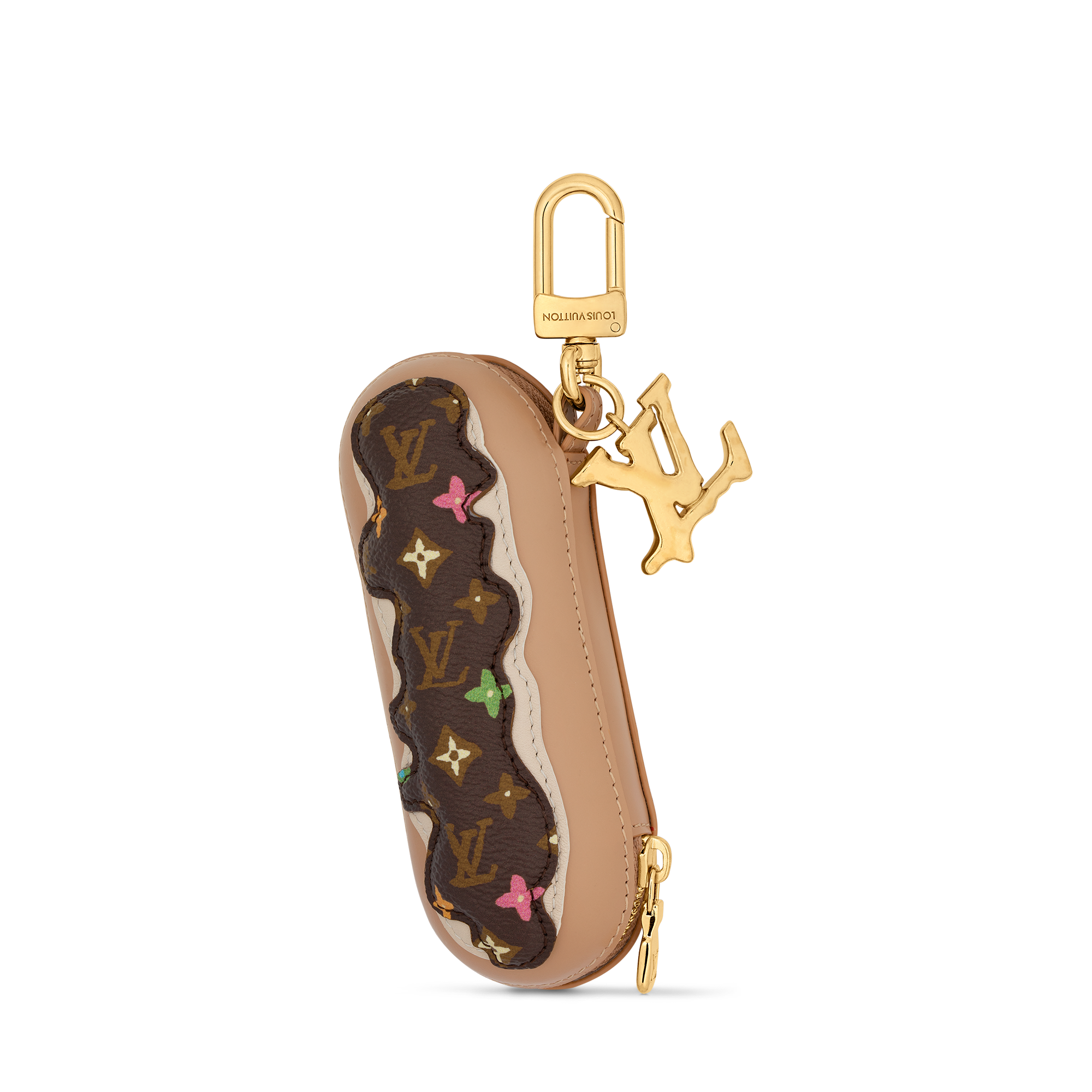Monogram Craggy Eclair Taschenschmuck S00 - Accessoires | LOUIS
::::
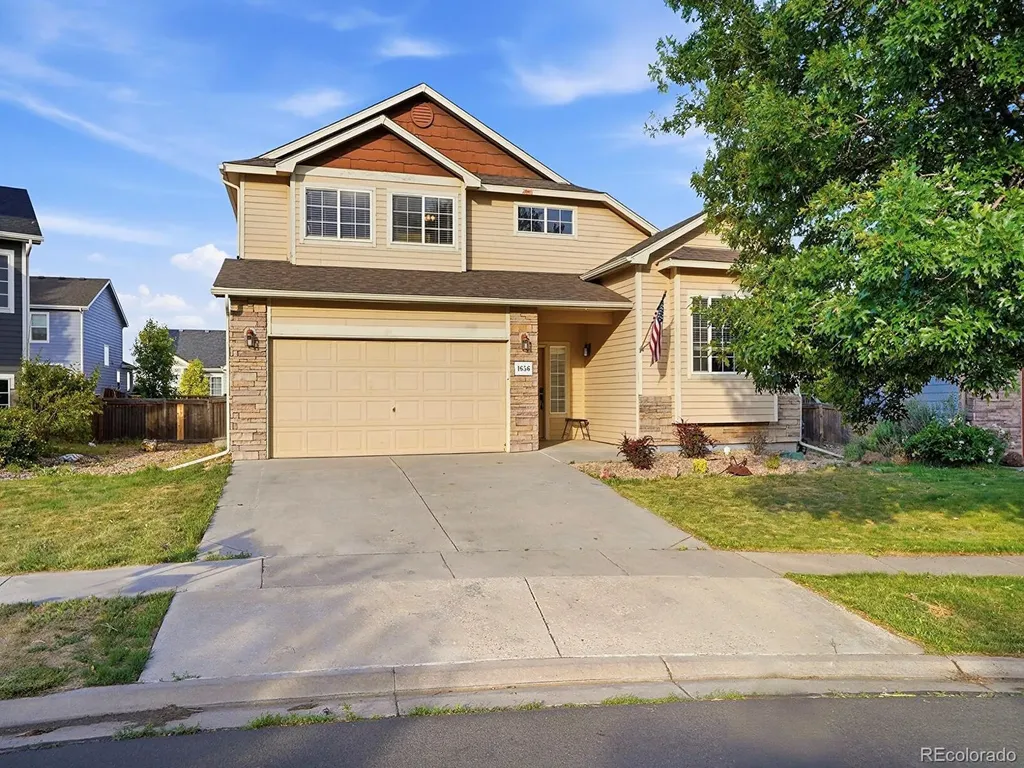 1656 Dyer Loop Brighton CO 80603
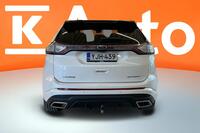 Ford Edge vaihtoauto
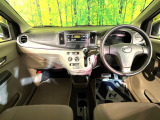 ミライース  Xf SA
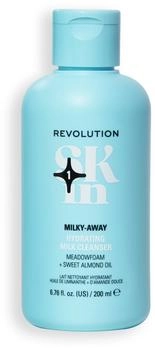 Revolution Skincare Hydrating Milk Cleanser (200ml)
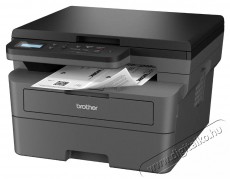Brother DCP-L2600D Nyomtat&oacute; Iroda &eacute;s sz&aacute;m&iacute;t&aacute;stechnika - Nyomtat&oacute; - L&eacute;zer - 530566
::::
▸ What is being asked: Every line above from the one with "Revolution Skincare Hydrating" down to the one with "Brother DCP-L2600D Nyomtat&oacute;" must be written out exactly, and no picture may appear.

▸ Finished task:
 Revolution Skincare Hydrating Milk Cleanser (200ml)
Brother DCP-L2600D Nyomtat&oacute; Iroda &eacute;s sz&aacute;m&iacute;t&aacute;stechnika - Nyomtat&oacute; - L&eacute;zer - 530566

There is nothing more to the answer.